4.Subscriber Acknowledgments and Covenants. The Subscriber acknowledges and covenants that:
(a)No federal or state agency has passed on, has recommended or has endorsed the merits of the Units or this exchange transaction.
(b)All tax forms provided in connection with this Agreement are accurately completed and properly executed and may be relied upon by the Company and its advisors and agents and affiliates.
(c)The Units are speculative investments and involve a high degree of risk. There is no public market for the Units, and no such public or other market is expected to develop. The transferability of the Units is substantially restricted both by the terms of the Limited Partnership Agreement and applicable law. This Agreement is not transferable or assignable by the Subscriber without the prior written consent of the General Partner.
(e)As a reporting issuer on The Nasdaq Capital Market (“Nasdaq”) where Common Stock is registered for trading, the General Partner is required to make certain filings related to the issuance of the Units. At the request of the General Partner or the Company, the Subscriber shall cooperate with the General Partner and the Company in making such filings and ensuring compliance with all applicable listing requirements of Nasdaq.
(f)The Subscriber understands and acknowledges that Hunton Andrews Kurth LLP represents only the General Partner and the Company, and not the Subscriber or the limited partners as a group, in connection with the offer and sale of the Units.
5.Reliance on Representations; Indemnification. The Subscriber acknowledges and agrees that that the Company and its counsel are relying upon the representations, warranties, acknowledgments and covenants in this Agreement (collectively, the “Investor Information”). The Subscriber agrees to indemnify and hold harmless the Company, its directors, officers, members, representatives and agents, and any person who controls any of the foregoing, against any and all loss, liability, claim, damage and expense (including reasonable attorneys' fees) arising out of or based upon any misstatement or omission in the Investor Information or any failure by the Subscriber to comply with any covenant or agreement made by the Subscriber in the Investor Information.
6.Tax Forms. Subscriber is a “United States Person” as defined in Section 7701(a)(30) of the Code and shall immediately provide the Company with an executed IRS Form W-9. The Subscriber agrees that promptly (and in any event within ten calendar days) after receipt of a request from the Company, the Subscriber shall provide such additional information and deliver such additional documents as shall be reasonably necessary to comply with any federal, state, local or non-U.S. securities, tax or anti-money laundering laws, rules or regulations to which the Company is subject. Without limiting the generality of the foregoing, the Subscriber hereby agrees to immediately deliver to the Company any applicable withholding tax forms and/or certificates requested by the Company.

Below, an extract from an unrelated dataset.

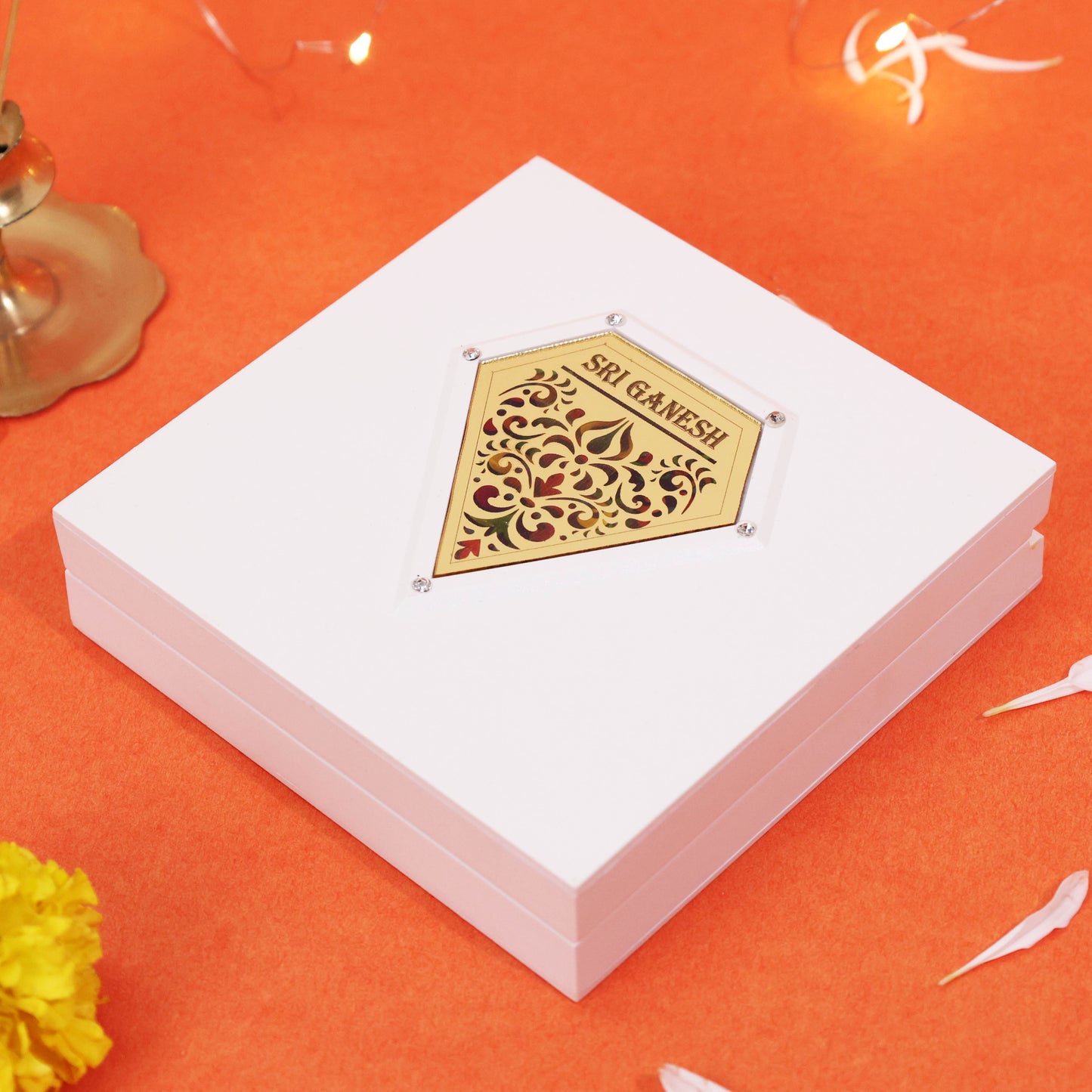 3D Charan Paduka with Lord Ganesha Divine Frame Idol for Pooja Mandir Home Temple Ganapati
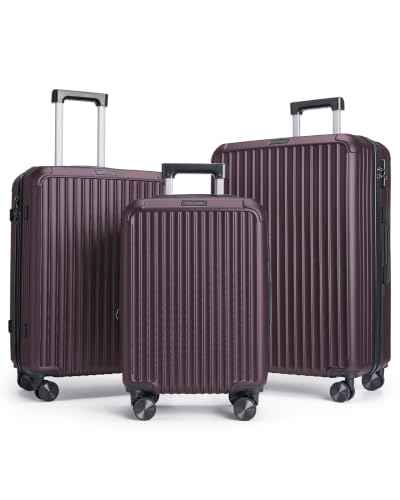 3 Piece Luggage Sets With Spinner Wheels Hardshell TSA Lock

7.Publicly Traded Partnership. The Subscriber is not a partnership, grantor trust, or Subchapter S corporation for U.S. federal income tax purposes.
8.FATCA Compliance/Reliance; Additional Information/FATCA Withholding. The Subscriber understands and agrees that:
(a)the representations, warranties, agreements, understandings and acknowledgements made by the Subscriber in this Agreement, including but not limited to its Annexes and any tax forms provided in connection with this Agreement, are made with the intent that they are relied upon the Company and its affiliates in determining the Subscriber's suitability as a holder of the Units; and
(b)the Company may request from the Subscriber such additional information as it may deem necessary or appropriate to evaluate the eligibility of the Subscriber to exchange the Shares for the Units, and may request from time to time such information as the Company may deem appropriate to determine a Subscriber’s suitability to hold the Units, or to enable the Company to determine the Company’s compliance with applicable regulatory requirements, or pre-determine or verify tax status, to fulfill any tax withholding or other obligation relating to the Subscriber, including but not limited to, any documentation necessary or reasonably requested to establish the Subscriber’s eligibility for benefits under any applicable tax treaty or to establish the Subscriber’s compliance with Section 1471 through Section 1474 of the Code (“FATCA”), or for any other reasonable purpose relating to the Company, and the Subscriber shall provide such information as may be so requested. The Subscriber undertakes to promptly notify the Company in writing if (i) the US Internal Revenue Service terminates any agreement entered into with the Subscriber relating to withholding, or (ii) there is any change in any information provided to the Company pursuant to this Section 9(b).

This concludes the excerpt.